I Almost Perfected Writing Entire Paragraphs While Listening to Others Talk in Real Time, and This may not be a Good Thing
China and the United States negotiated a temporary truce in their ongoing trade war, slashing the tariffs they had imposed on one another for 90 days and lifting stock markets worldwide in its aftermath. However, analysts from various news outlets, and surely, investment banks, continue to see uncertainties as the two sides left largely unsaid what will happen after those 90 days expire. Will the tariffs go up and send business and markets downhill once again, or will the vaulted idea of "continued negotiation mechanism" established during these talks help dial down the temperature permanently?
As a self-crowned journalist, I have tried to learn to type up short passages like the above in record time. The more I can quickly summarize the factual context, the quicker I can jump into my personal analysis that distinguishes my pieces of writing from those of others. But despite being able to come up with short snippets as such in a matter of minutes, for years, I have been unable to find a further breakthrough. While it is easy to read a bunch of news articles and summarize them at my own pace, undistracted by others, to do so in conversation while under verbal pressure seemed to become more and more difficult.I have COVID-19 to partly thank for this obstacle. I had spent years sitting in offices and producing required output while others were sitting right next to me and providing near-constant distraction. But the pandemic quickly eroded my skill in concentrating amidst a constant buzz. Left with a job largely requiring the very one-man work of typing up written reports, in the complete silence of a one-room apartment in Chiba, I became enamored with the very idea of "work" being largely done in silence, not disrupted, supervised, or monitored by others beyond an occasional instant message.
While my work is still fully remote, transitioning to an educational consultancy hit me hard when I realized that how I worked did not fit with the new environment. While I was perfectly able to come up with pages full of short paragraphs (like the first paragraph) when left alone in silence, the new job required me to turn into words the content of conversations I have with students. Even if I did not write perfectly legible paragraphs, I had to at least take notes, to track my progress with the student, and for the student to remember what brainstorming accomplished in hours upon hours of talking.I almost had to learn from scratch. The beginning was brutal as I jot down individual words streaming out of a student's mouth, unable to string them together on the fly. For my own notes, it might work just as well since these words are enough to open memory drawers that contain much unwritten information. But I cannot expect the same from the student who may want to rely on those few words to write up entire essays. To ensure the thoughts are fuller in writing, directly usable as sentences in an essay, I initially had to interrupt the students, ask them to halt speaking for some time, as my writing caught up slowly.

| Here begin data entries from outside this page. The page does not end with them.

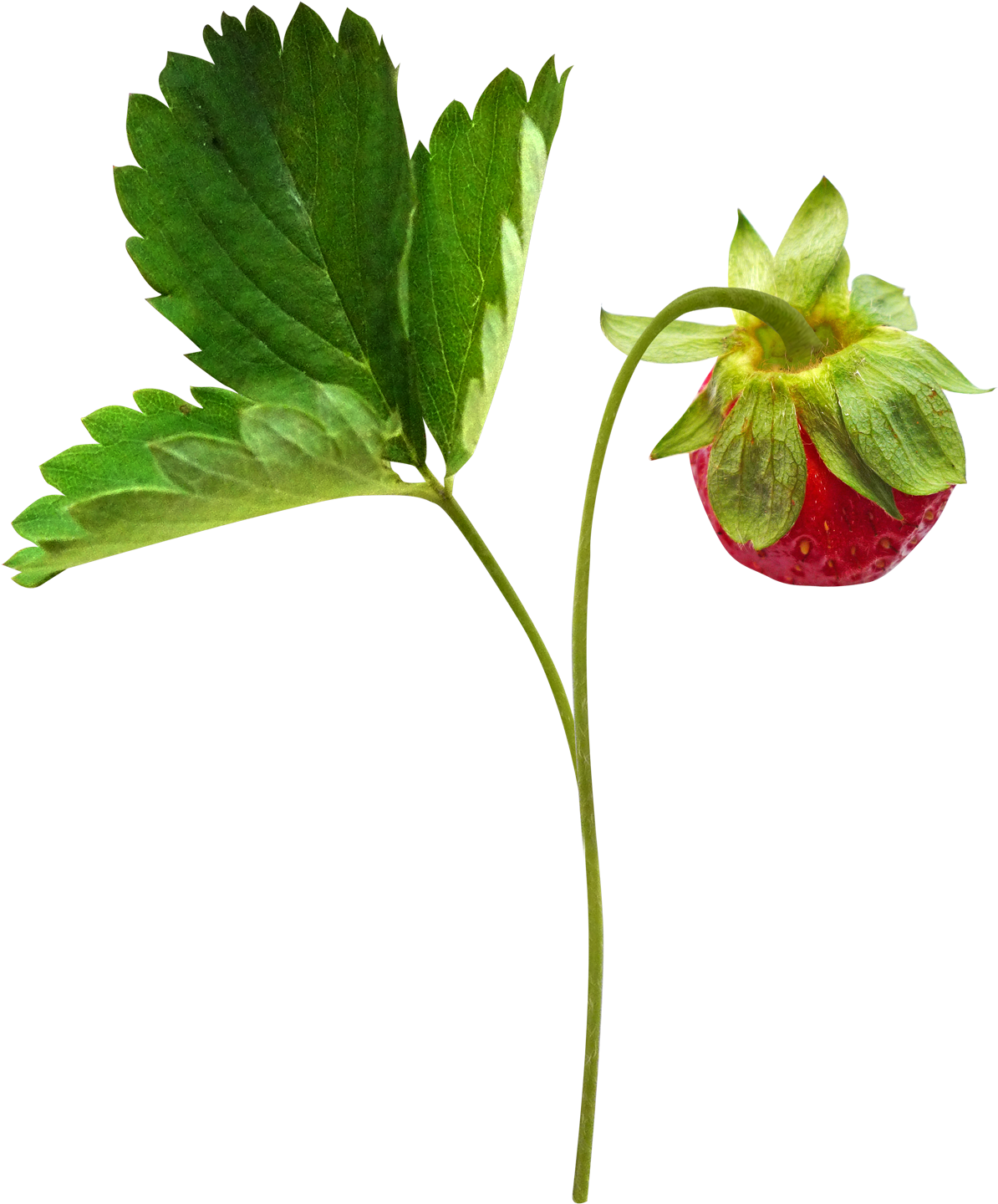 Berry Clip Art - Berry Clip Art (1388x1600)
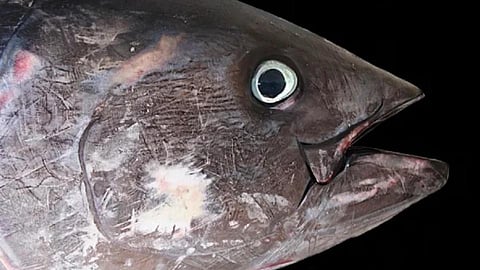Atlantic Bluefin Tuna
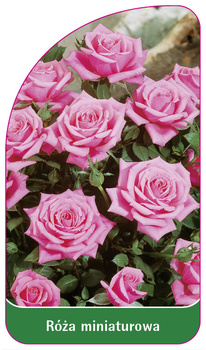 Róza miniaturowa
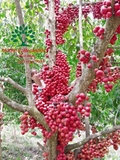 Cây Dâu Da Đất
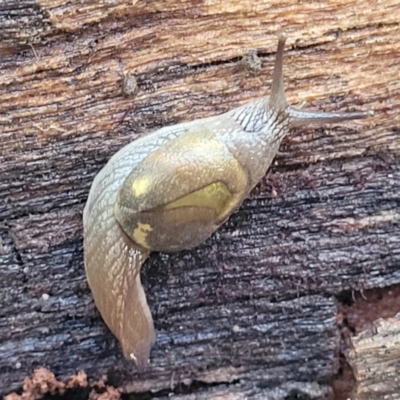 Helicarion cuvieri (A Semi-slug) at Kings Point, NSW - 29 Dec 2021 by trevorpreston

So it is with pride that today I can say that the long learning process has almost come to an end. Today, as the students speak, I am typing out entire paragraphs on the fly, sometimes reciting them simultaneously for the students to keep their concentration and tell me to fix my errors in real time. The notes are no longer distinct words. Bullet point lists that serve as essay outlines grow organically out of brainstorming sessions, while those meetings that require me to read and then provide feedback on revisions for drafts, even at times, have me write suggestions for brand-new sentences that replace large swathes.
This new "skill" of mine has perhaps made me more useful to my current students. They can get my writing directly in meetings without having to wait for more detailed written feedback, as had been the case for students of past years. But in their happiness, I felt my writing becoming more detached. As I became more capable of turning spoken words into written ones, the process became more automated and unthinking. I no longer try to think or feel much about the words I write, just making sure they capture information more precisely.
In the process, my writing has become more impersonal. Whereas I used to handwrite my notes, embellishing them with my distinct handwriting and shorthand symbols, now the clicking sounds of my keyboard seem to generate passages that can be written by any other. It is thanks only to the uniqueness of each student's thoughts that my output can still have something new. Had it not been for their pouring their hearts and minds out in words, my writing would be nothing more than the bland descriptions of the latest Sino-American trade negotiations.